Ven conmigo en la historia un par de miles de años atrás. Vamos a Roma… a un cuartucho más bien desarreglado, rodeado de altos muros… Dentro vemos a un hombre sentado en el piso. Es un señor mayor de edad, de hombros encorvados y casi calvo, de cuyas manos y pies cuelgan cadenas…
Es el apóstol Pablo… El apóstol que estaba sujeto solo a la voluntad de Dios está ahora en cadenas, confinado a una sucia vivienda bajo la vigilancia de un soldado romano…
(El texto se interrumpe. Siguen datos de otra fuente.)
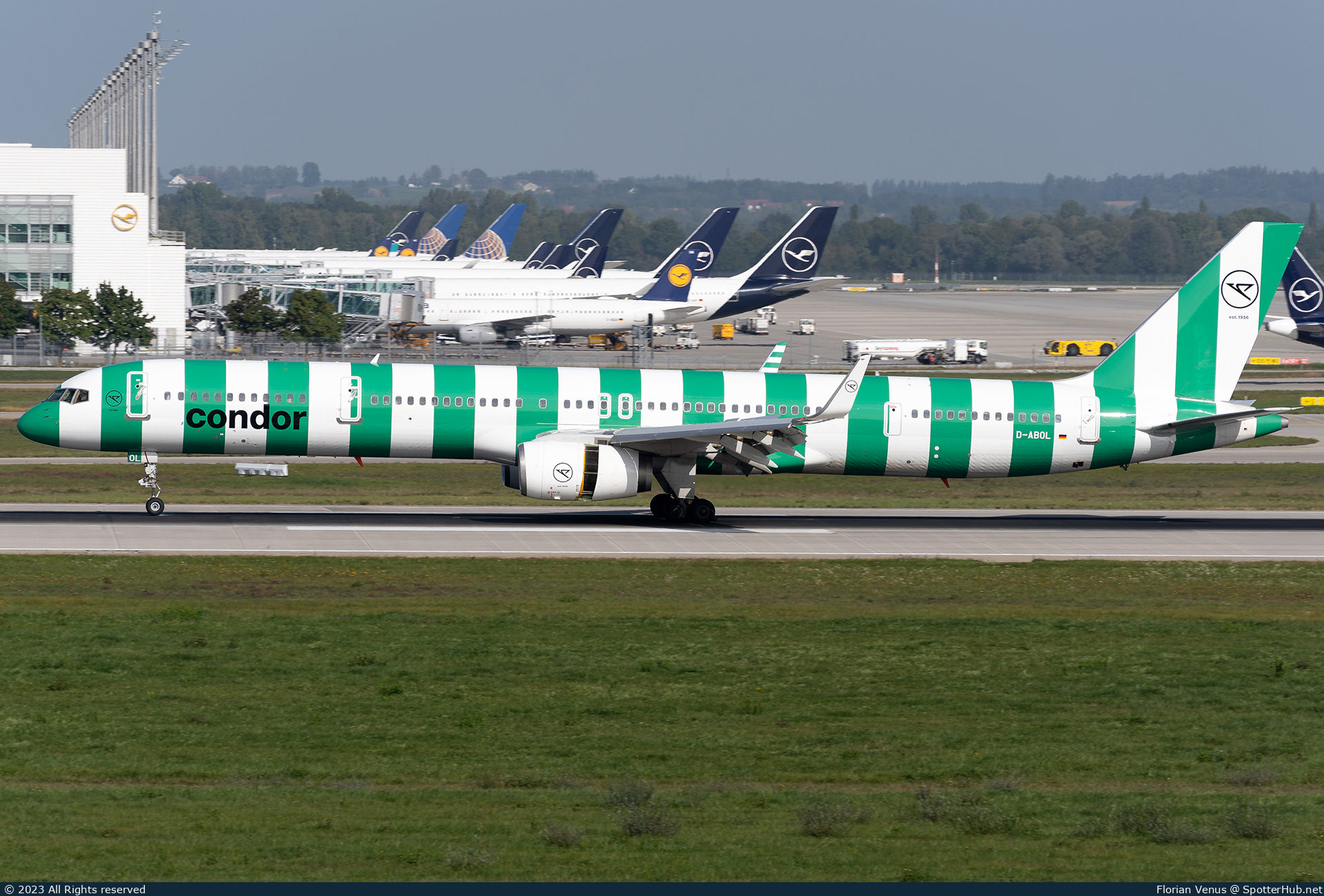Photo of D-ABOL - Boeing 757-330 operated by Condor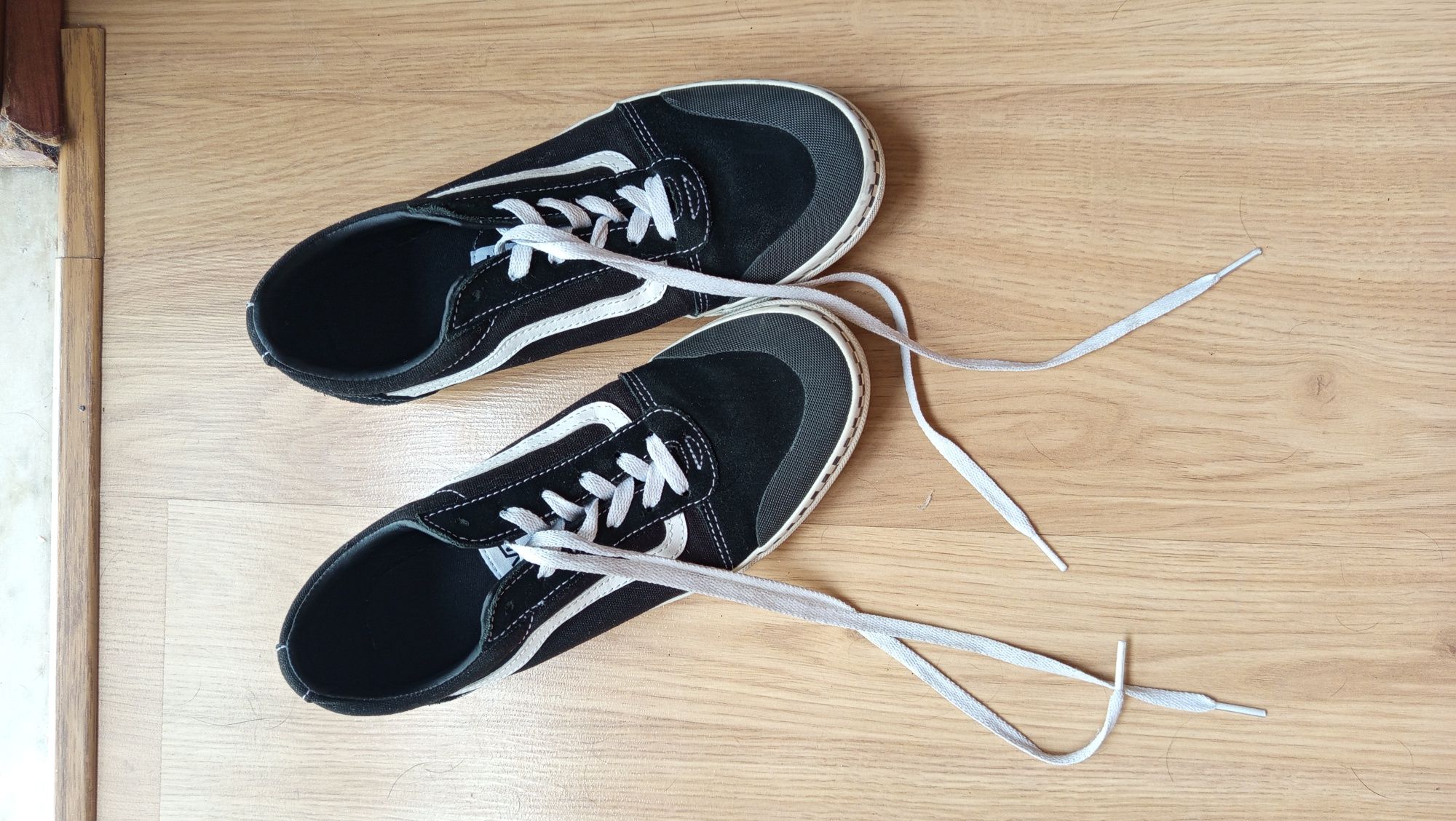 Sapatilhas Vans Ward Dw tamanho 39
Está escribiendo una carta. Sin duda, es una carta en que se queja a Dios. Sin duda es una lista de agravios… Tiene más que motivos de estar amargado y quejoso. Pero no lo está. Al contrario, está escribiendo una carta que dos mil años después se conoce aún como un tratado sobre el gozo: la carta a los filipenses…
¿Por qué no dedicas algún tiempo a leerla?
Regocijaos en el Señor siempre. Otra vez digo: ¡Regocijaos! Vuestra gentileza sea conocida de todos los hombres. El Señor está cerca. Por nada estéis afanosos, sino sean conocidas vuestras peticiones delante de Dios en toda oración y ruego, con acción de gracias.